ABSTRACT: Magnetic reconnection is the process whereby the change in the magnetic field lines' connectivity allows for a rapid release of magnetic energy into the thermal and kinetic energy of the surrounding plasma. The magnitude of the reconnection electric field parallel to the reconnection x-line (where magnetic field lines break and rejoin) not only determines how fast reconnection processes magnetic flux, but can also be crucial for generating super-thermal particles. Observations and numerical simulations have revealed that collisionless magnetic reconnection in the steady-state tends to proceed with a normalized reconnection rate of an order of 0.1 in disparate systems. However, the explanation of fast reconnection remains an open question. In this talk, I will present a series of theory, modeling, and MMS (Magnetospheric Multiscale mission) observational studies on this issue.

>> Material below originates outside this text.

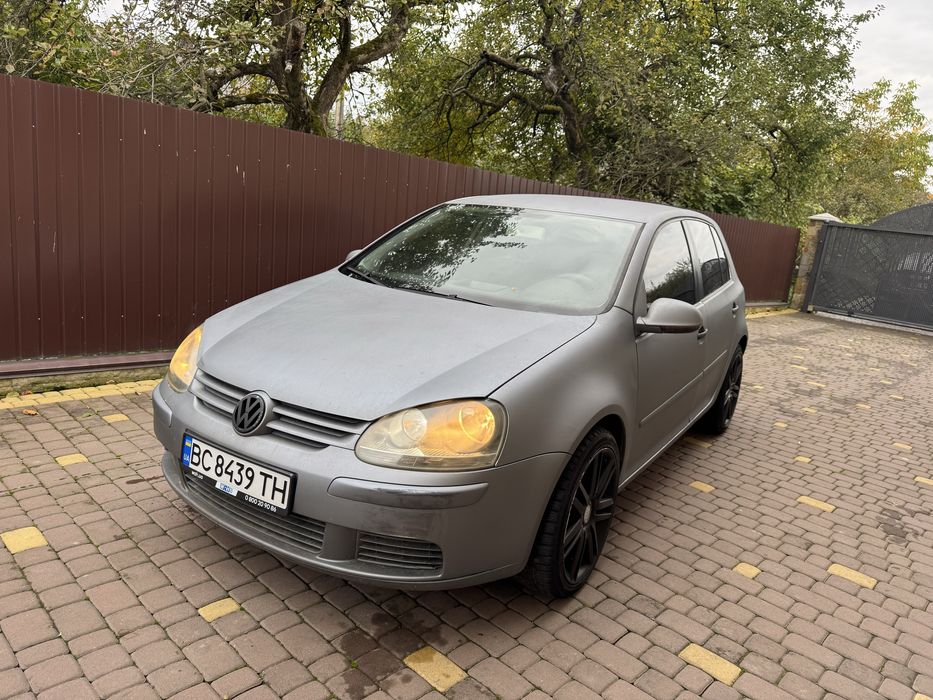Volkswagen Golf V 1.4mpi газ/бензин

We propose that this value 0.1 is essentially an upper bound value constrained by the force-balance at the upstream and downstream regions, independent of the dissipation-scale physics, independent of the mechanism that localizes the x-line. The prediction from this model compares favorably to particle-in-cell simulations of magnetic reconnection in both the non-relativistic and extremely relativistic limits, from symmetric to asymmetric reconnection.  Lately, we have included thermal pressure effects in our model to predict the rate in the high-beta limit.  We also extend our study from 2D to the 3D system, studying the impact of a short x-line extent in the out-of-plane direction. Finally, we show that the maximum plausible reconnection rate could determine some of the 3D nature of magnetic reconnection, particularly the orientation of the x-line. These results could be interesting to researchers who study solar, magnetospheric, astrophysical, and laboratory plasmas.